On the downside, hourly work often comes with unpredictable schedules and less flexibility. In some instances, hourly employees don’t get paid if they’re not at work, making it difficult for employees to take time off for doctors’ appointments or family obligations. However, some employers provide sick and personal leave to all employees.
Salary jobs: Pros and cons
Salary jobs come with the benefit of knowing exactly how much you get paid week after week. Salaried positions tend to pay more than hourly positions and many come with better benefits, retirement plans, vacations, and bonuses. Salaried workers often have more flexibility and can usually leave work occasionally if needed for medical appointments or family obligations.

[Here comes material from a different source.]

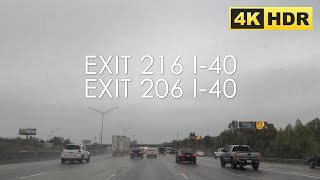 I40 216 to I40 206 Greensboro to Kernersville  North Carolina USA  Rainy Road Tour  4K HDR [upl. by Azeel]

On the downside, salaried employees don’t get paid more for overtime work. Thus they may be expected to work longer hours. Some workers who advance to salaried positions find they get paid less per hour than they did as hourly workers because they work so many additional hours.
Weigh your options
To determine whether hourly or salary is better, evaluate the entire package offered with individual positions.
First, calculate the hourly rate of any salaried position you’re considering by using this salary-to-hourly calculator:
- Subtract the number of weeks of vacation you’ll get from 52. This is the number of weeks you’ll work per year. (Example: 52 – 2 = 50)
- Multiply the number of weeks you’ll work by the average number of hours you expect to work each week. This is the average number of hours you’ll work per year. (Example: 50 x 50 = 2500)
- Divide your annual salary by the number of hours you’ll work annually. (Example: $45,000 / 2500 = $18 per hour)
This calculator will help you compare salaried positions with hourly ones. Also take into account the benefits, bonuses, and retirement packages offered with different positions. By comparing the specifics and considering total compensation, you’ll determine whether hourly or salary is more advantageous for you.